Start with the most little-used items first, things like books, magazine collections from years ago, and old children’s toys. If you’re keeping the kids toys out of sentimentality ask yourself this – do the kids even know their toys are still there, taking up space? Same with the books and magazine collections, dvds, computer games, never used appliances; anything that hasn’t been used for over a year should go either in the trash or donated to charity. You can sell online or have a yard sale to make some money.

Move onto the kitchen. You’ll be amazed at how many out-of-date cans, half empty packets, and jars of food have been hiding in the back of your kitchen cabinets. Throw them out! Then organize what’s left into storage containers for countertops or place inside cabinets.

Then move onto your closets and sort out clothes, shoes, etc. that have laid unworn for ages,  gathering dust.

Once you’ve sorted out the small things, decide which items of furniture just don’t fit in the new home and add them to the trash, donate or sell pile. Don’t forget to clear out the garage of all those broken gardening tools, old bikes and sports gear while you’re at it – you stand a better chance of actually being able to park the car in the garage then! Whatever is left in there can be hung neatly on the wall for easier access.

If you decide to buy new furniture for the new home or if your old furniture was just too big, you can always look for pieces which are of a classic design that are less likely to be out-dated.


Make room for decorating

The whole point behind all this decluttering is to not only give you more room to move around your new home but also to allow you to get a clearer picture of how you want the place to look — and it frees up space so you can get around to decorate more easily. Try to get the unpacking done asap or if you can’t then put all your unpacked boxes in a spare room.
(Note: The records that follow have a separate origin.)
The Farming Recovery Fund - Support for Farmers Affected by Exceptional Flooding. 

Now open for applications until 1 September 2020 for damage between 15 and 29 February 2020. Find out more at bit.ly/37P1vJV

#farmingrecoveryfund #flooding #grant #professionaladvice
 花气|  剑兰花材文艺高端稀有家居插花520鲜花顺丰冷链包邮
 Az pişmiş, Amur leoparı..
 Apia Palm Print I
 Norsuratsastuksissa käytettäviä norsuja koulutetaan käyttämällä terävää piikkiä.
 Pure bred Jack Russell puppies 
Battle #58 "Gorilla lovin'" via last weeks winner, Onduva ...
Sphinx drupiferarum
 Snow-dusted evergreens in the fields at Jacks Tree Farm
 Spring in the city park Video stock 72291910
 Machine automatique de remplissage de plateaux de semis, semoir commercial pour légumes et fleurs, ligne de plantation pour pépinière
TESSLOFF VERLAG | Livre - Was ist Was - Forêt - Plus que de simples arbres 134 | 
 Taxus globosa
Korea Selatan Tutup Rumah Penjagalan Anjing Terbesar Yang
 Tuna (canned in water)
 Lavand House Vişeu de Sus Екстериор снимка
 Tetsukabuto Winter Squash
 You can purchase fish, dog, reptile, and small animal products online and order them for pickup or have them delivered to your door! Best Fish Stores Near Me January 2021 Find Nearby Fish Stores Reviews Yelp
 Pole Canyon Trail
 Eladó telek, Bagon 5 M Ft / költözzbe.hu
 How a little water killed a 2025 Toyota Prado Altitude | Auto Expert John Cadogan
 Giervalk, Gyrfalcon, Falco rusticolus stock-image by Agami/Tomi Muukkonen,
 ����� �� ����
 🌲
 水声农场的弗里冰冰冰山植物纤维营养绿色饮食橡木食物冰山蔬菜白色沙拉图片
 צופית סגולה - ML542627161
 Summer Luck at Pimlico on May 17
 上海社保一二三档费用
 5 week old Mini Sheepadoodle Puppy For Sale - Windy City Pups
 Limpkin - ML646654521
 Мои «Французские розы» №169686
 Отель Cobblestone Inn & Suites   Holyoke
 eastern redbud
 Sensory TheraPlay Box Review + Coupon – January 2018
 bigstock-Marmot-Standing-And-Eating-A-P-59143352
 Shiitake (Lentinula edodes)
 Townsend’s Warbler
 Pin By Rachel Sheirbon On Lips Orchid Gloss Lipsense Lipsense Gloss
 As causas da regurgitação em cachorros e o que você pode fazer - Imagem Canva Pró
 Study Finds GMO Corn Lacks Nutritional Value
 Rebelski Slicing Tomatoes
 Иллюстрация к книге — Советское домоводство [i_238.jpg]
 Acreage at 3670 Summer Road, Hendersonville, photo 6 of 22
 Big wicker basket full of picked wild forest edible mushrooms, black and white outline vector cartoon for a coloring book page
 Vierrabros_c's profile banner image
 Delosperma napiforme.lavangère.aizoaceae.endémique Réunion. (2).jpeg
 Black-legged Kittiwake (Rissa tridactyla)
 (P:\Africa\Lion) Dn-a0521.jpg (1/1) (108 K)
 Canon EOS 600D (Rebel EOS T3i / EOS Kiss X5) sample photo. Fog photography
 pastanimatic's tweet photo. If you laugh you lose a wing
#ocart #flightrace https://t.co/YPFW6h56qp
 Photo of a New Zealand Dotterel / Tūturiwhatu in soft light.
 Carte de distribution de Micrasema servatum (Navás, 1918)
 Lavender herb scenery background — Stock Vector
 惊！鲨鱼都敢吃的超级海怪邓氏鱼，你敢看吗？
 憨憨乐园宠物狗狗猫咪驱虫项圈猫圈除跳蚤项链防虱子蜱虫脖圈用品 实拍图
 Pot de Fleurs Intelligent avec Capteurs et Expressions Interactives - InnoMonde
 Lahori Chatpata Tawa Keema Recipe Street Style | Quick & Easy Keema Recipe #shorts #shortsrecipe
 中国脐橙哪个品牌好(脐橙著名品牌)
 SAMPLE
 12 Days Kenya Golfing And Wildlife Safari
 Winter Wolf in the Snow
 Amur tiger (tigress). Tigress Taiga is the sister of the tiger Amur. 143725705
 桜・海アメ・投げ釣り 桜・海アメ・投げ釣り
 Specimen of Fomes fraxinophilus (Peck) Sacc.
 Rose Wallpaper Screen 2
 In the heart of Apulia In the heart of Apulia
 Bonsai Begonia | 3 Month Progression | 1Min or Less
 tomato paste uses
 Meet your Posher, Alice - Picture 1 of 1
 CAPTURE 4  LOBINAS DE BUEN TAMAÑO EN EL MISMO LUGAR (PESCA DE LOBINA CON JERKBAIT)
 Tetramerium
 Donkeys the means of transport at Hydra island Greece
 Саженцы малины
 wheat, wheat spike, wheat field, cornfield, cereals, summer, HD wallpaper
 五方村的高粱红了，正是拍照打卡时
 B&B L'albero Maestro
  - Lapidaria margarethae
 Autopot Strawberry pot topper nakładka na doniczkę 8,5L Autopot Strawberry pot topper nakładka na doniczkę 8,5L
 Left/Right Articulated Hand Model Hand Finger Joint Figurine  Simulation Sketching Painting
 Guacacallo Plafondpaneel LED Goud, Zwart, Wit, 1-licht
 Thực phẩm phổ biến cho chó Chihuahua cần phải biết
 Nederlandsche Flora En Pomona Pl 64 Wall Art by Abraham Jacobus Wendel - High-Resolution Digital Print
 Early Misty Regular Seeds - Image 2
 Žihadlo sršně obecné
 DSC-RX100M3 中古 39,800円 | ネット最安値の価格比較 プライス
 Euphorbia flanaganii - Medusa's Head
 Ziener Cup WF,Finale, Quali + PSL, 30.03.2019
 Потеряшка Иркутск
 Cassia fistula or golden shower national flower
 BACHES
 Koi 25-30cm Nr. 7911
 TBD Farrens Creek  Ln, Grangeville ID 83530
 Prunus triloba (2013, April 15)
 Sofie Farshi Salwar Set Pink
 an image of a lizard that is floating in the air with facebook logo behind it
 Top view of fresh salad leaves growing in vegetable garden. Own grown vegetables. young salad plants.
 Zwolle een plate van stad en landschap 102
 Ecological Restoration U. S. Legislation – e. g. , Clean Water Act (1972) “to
So how to decorate? Some people when they move to a new home like to decorate the place in exactly the same style with the same colors as their old home and that’s fine. Some prefer to go for a completely new look and that’s fine too. But whatever you decide to do, start right away while the excitement is still fresh. If you don’t, then chances are you will never get around to it.

If major improvements are needed

Any really big jobs like remodeling kitchens, bathrooms or structural improvements should be finished before you move in if possible but smaller, but no less important jobs, like upgrading the lighting or laying new flooring can be done right after you move — but before you decorate.


Choose your colors carefully

Take a little time to decide how you want your décor to look. If you’re looking to completely change the whole house from top to bottom, this is something that shouldn’t be rushed. If you love bold colors but are not sure how lighting will be a factor in your new home then try experimenting with small paint samples on an inconspicous part of the wall. Or choose just one focal wall and contrast the rest of the room in a neutral color.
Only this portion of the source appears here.